In 1864 M. Bertrand published in the 'Revue archéologique' a small map of France, showing the distribution of dolmens as then known; and three years afterwards another, on a much larger scale, intended to accompany the 'Dictionnaire des Antiquités celtiques,' and containing all that was then known. Were a second edition of this map published now, it would, no doubt, be much more full and complete; but the main outlines must still be the same, and are sufficient for our present purposes. From these maps and the text which accompanies them we learn that the greater number of the rude-stone monuments in France are arranged at no great distance on either side of a straight line drawn from the shores of the Mediterranean, somewhere about Montpellier, to Morlaix, in Brittany. There are none east of the Rhone, none south of the Garonne, till we come to the Pyrenees, and so few north of the basin or valley of the Seine that they may be considered as wanderers.

Referring to the table at the end of this chapter, which is compiled from that of 1864, we find that thirty departments contain more than ten monuments. Thirty others, according to M. Bertrand, contain from one to eight or nine; and the remaining twenty-nine either contain none at all or these so insignificant as hardly to deserve attention.

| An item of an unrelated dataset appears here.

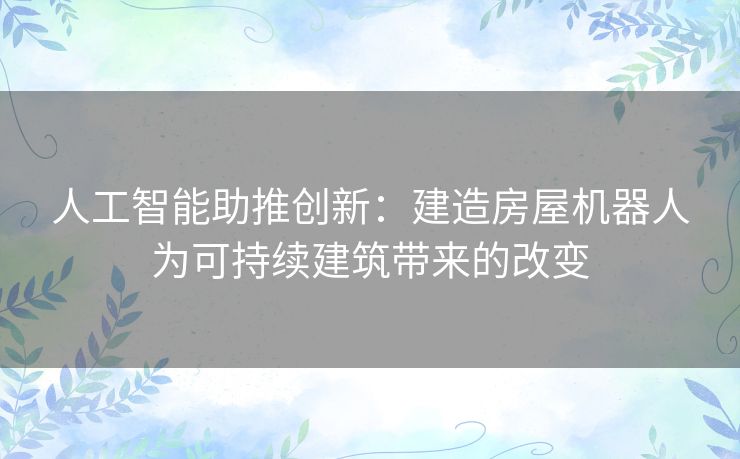 人工智能助推创新：建造房屋机器人为可持续建筑带来的改变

From this table we learn, at least approximately, several facts of considerable interest to our investigation. The first is that, of the three divisions into which Cæsar divides Gaul, the northern in his day belonged to a race who who had no stone monuments. There are none in Belgium proper, and so few in French Flanders, or indeed in any part of Gallia Belgica, that we may safely assert that the Belgæ were not dolmen-builders. In the next place, I cannot help agreeing with M. Bertrand in his conclusion that the Celts properly so called have as little claim to the monuments as the Belgæ.[1] We know something of the provinces occupied by


  1. 'Revue archéologique,' August, 1864, 148 et seqq.